BACKGROUND OF THE INVENTION1. Field of the invention
The invention relates to a light guide plate, in particular, to a light guide plate having a two-side composite structure and a manufacturing method thereof combining a screen-printing process and a light-solidification and imprinting process to achieve the advantages of thinning, high transfer ratio, automatic production, and no limitations to production point size.
2. Description of the prior art
Among the components of a backlight module, the light guide plate is a key light guide medium applied in the edge type backlight module to guide the direction of light to enhance the brightness of the panel and control the uniformity of the lightness. The appearance of light guide plate can be a wedge type or a flat type. The wedge type light guide plate is usually used in notebook due to the space issue, and the flat type light guide plate is used in LCD monitor and LCD television.
In general, the light guide plate is usually manufactured by an injection molding method, a thermal compression molding method, or a printing method. However, with the increasing of the size of the panel and the requirement of panel thinning, the injection molding method, the thermal compression molding method and the printing method fail to solve many problems respectively as follows.
(1) The problems of the injection molding method includes: (a) the size of the light guide plate is limited, so that the maximum size of the light guide plate practically manufactured is about 32 inch; (b) the thickness of the light guide plate is limited to 2 mm; and (c) the manufacturing cost is higher.

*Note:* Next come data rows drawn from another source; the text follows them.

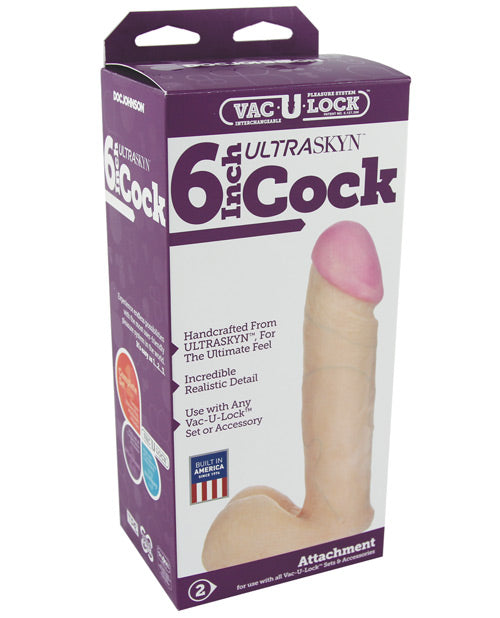 Doc Johnson Vac-U-Lock 6" Ultra-Realistic Cock & Balls - White: Lifelike Dual-Density Pleasure Product Image.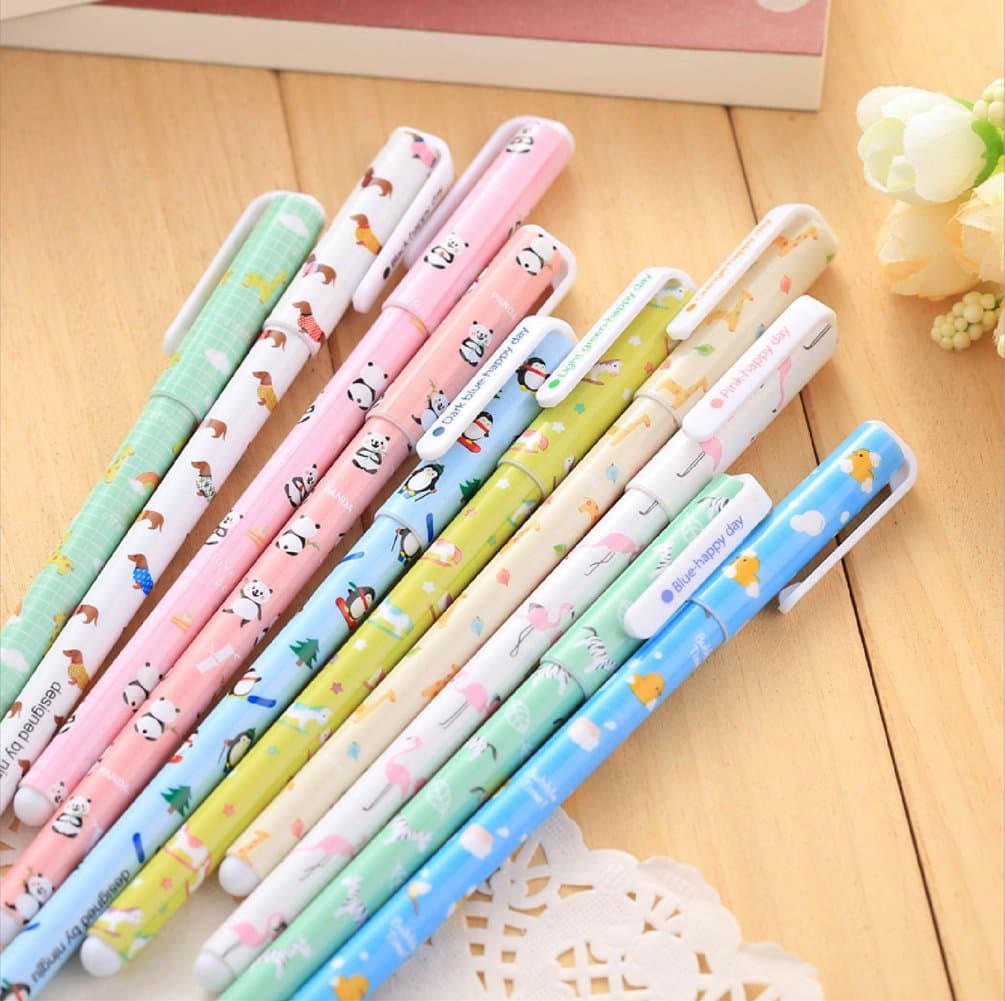 GMissT Colorful Gel Ink Pen Watercolor 0.38 mm Korean Cartoon Rollerball Pens Pack of 10 Animal Pattern
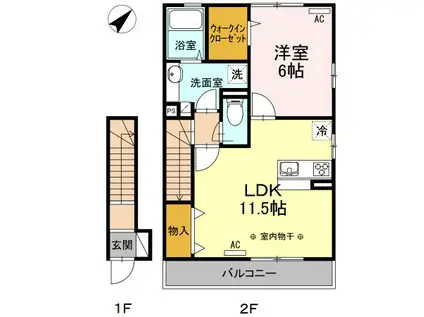 リバージュハイツIII(1LDK/2階)の間取り写真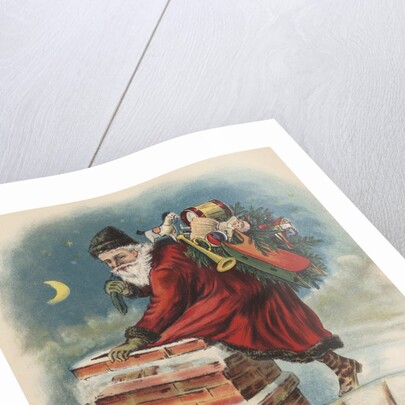 Santa Claus going down chimney by Anonymous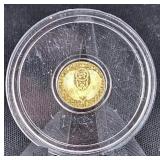 1/200 Oz Fine Gold "Egyptian Scarab/Ankh" Coin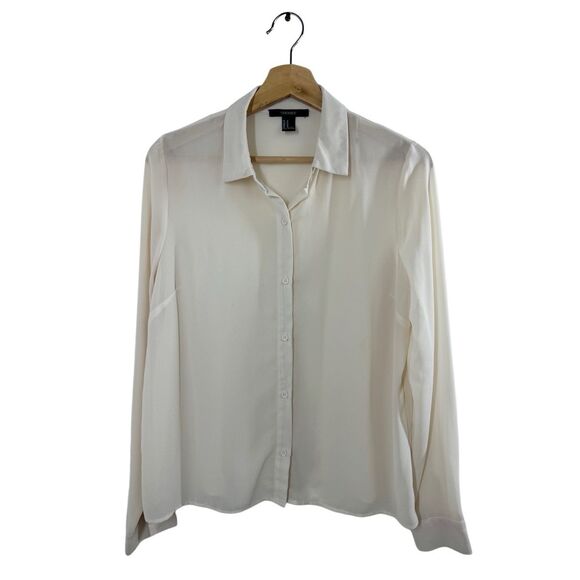 Forever 21 White Long Sleeve Button Up Shirt Size M Collared Sheer Plain - Picture 1 of 9
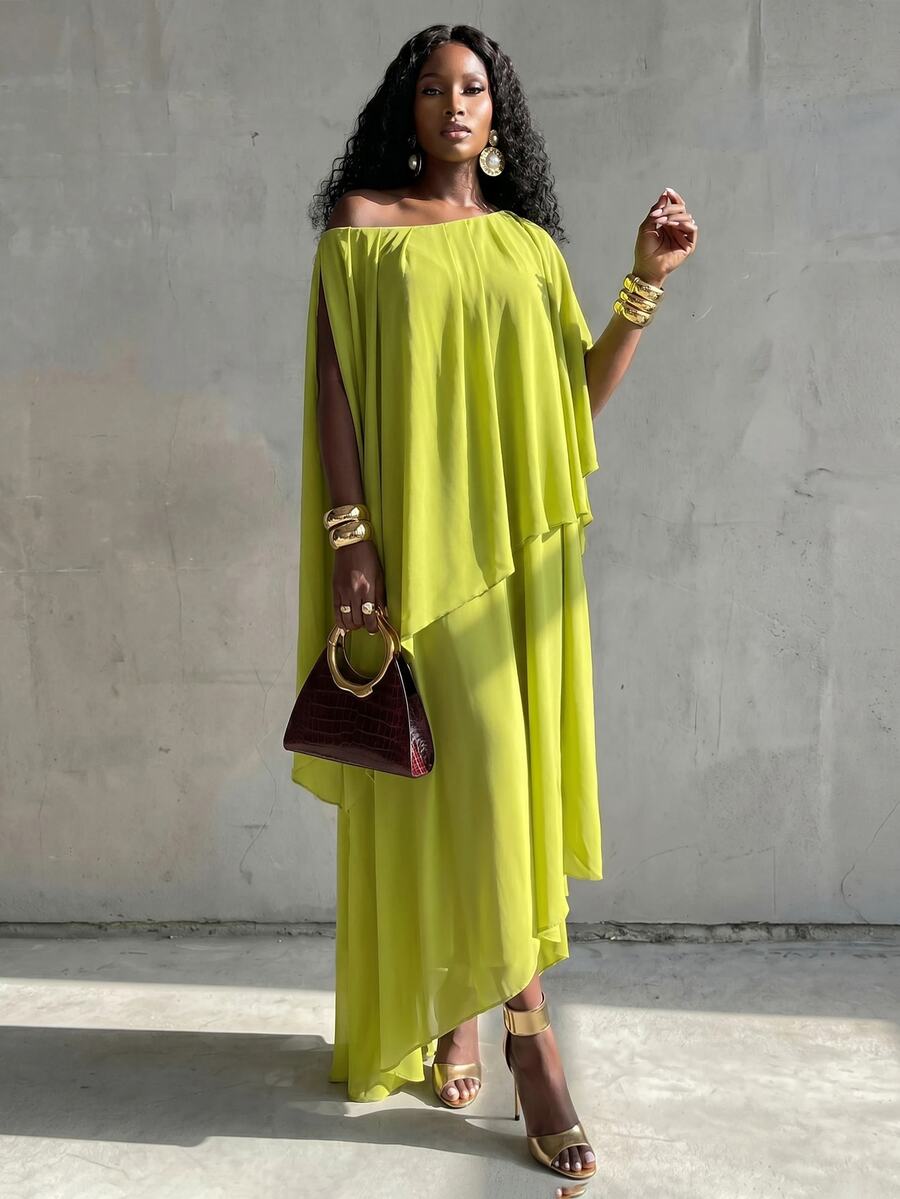 BamGlimmer Women's Autumn Solid Color Asymmetric Neck Asymmetrical Hem Long Dress Day Party Vacation Vacation Olive Green Elegant Tropical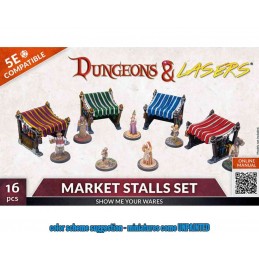 DUNGEONS AND LASERS MARKER STALLS SET AMBIENTAZIONE MINIATURES GAME ARCHON STUDIO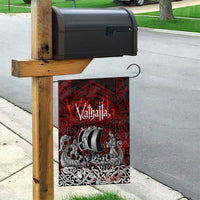Blood Flows to Valhalla Garden Flag Viking Longship Nordic Knotwork - Dark Mythology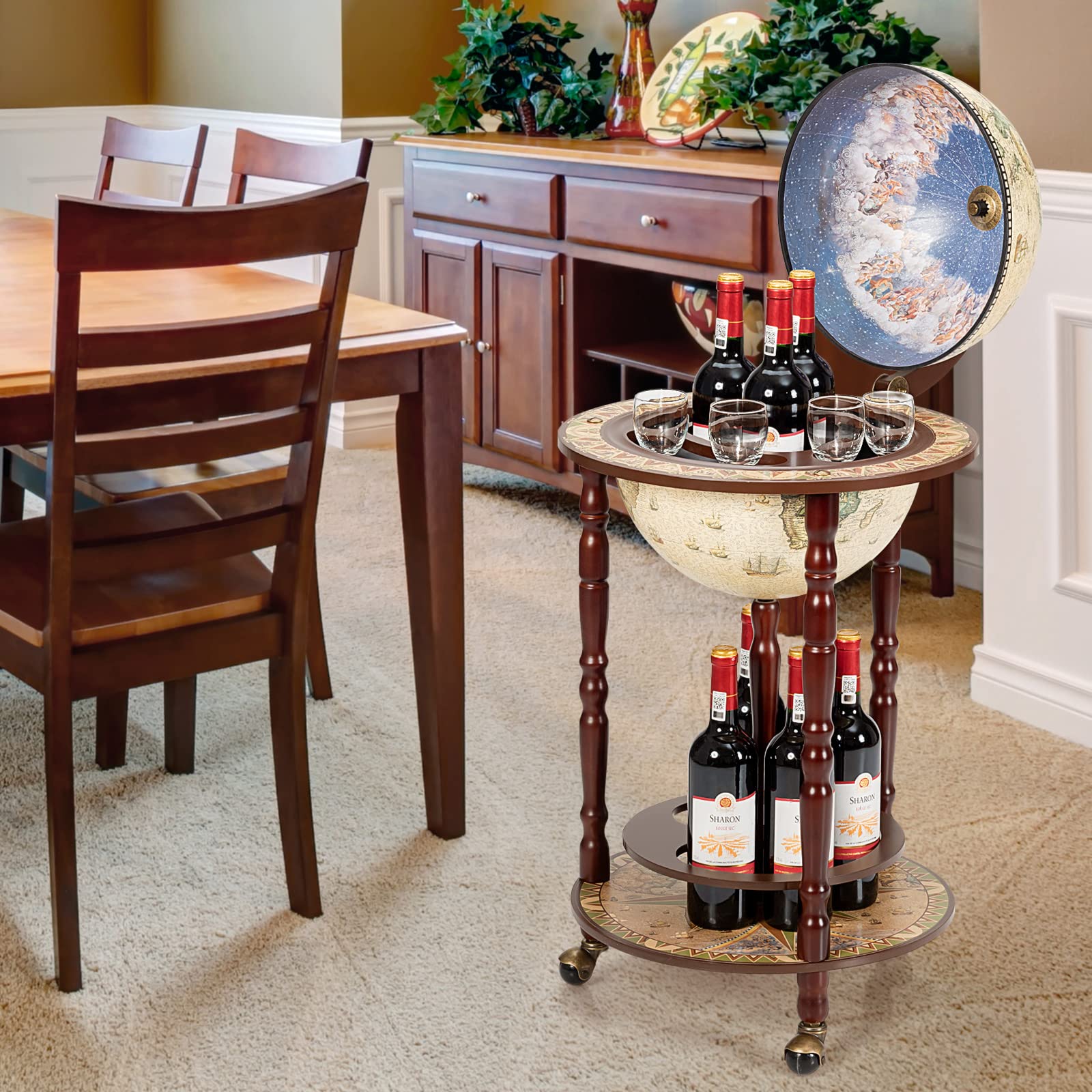 HPPYGRILL Globe Bar, 17.5” Wine Bar Stand Italian Wooden Globe Wine Cart Liquor Bottle Shelf, 16th Century Retro Wine Cupboard with Wheels for Dining Room Living Room, Retro Brown: B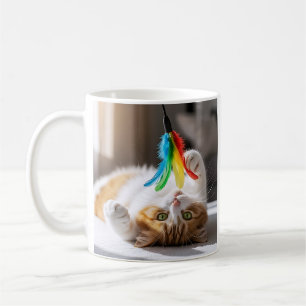 Playful Kitten Feather Coffee Mug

(2) The problems of the thermal compression molding method includes: (a) the transfer ratio of the light guide plate structure is only 70%, and it is too low; and (b) the manufacturing cost is higher.
(3) The problems of the printing method includes: (a) the printing point size will be shifted with the increasing of the number of the manufactured light guide plates, and the point spreading ratio is about 20˜40%; and (b) the printing method fails to provide geometric structures, and only polygon structure and point structure can be manufactured.
SUMMARY OF THE INVENTIONTherefore, a scope of the invention is to provide a light guide plate and manufacturing method thereof to solve the above-mentioned problems occurred in the prior arts.
An embodiment of the invention is a light guide plate. In this embodiment, the light guide plate includes a substrate, a first screen-printed layer, and a light-solidified layer. The substrate has a first surface and a second surface, and the first surface and the second surface are opposite. The first screen-printed layer is formed on the first surface of the substrate by a screen-printing process. The light-solidified layer is formed on the second surface of the substrate by a light-solidification and imprinting process. The first screen-printed layer has a plurality of screen point patterns. The light-solidified layer has a plurality of micro-structures.
In practical applications, a material of the substrate is selected from one of a group formed by Polymethylmethacrylate (PMMA), Polycarbonate (PC), Polyethylene Terephthalate (PET), Acrylonitrile-Butdiene-Styrene (ABS), Polystyrene (PS), and Methly-methacrylate-Styrene (MS). The plurality of micro-structures is selected from one of a group formed by a circle micro-structure, a V-shape groove micro-structure, a pyramid micro-structure, a lens micro-structure, a prism brightness enhancement film (BEF) micro-structure, a fly-cut micro-structure, a fast tool servo (FTS) micro-structure, and a lattice micro-structure.
During the screen-printing process, a screen-printing plate can be used to transfer an ink onto the first surface of the substrate, and then the ink can be thermally cured to form the first screen-printed layer. During the light-solidification and imprinting process, a rolling device can be used to roll the substrate to make a light-solidified resin coated on the second surface of the substrate fit with a mold corresponding to the plurality of micro-structures, and then a UV lamp can be used to irradiate and solidify the light-solidified resin to form the light-solidified layer and the plurality of micro-structures. In fact, the rolling device can be constituted by an elastic material, the force that the rolling device rolls the substrate ranges from 5 Kg to 8 Kg.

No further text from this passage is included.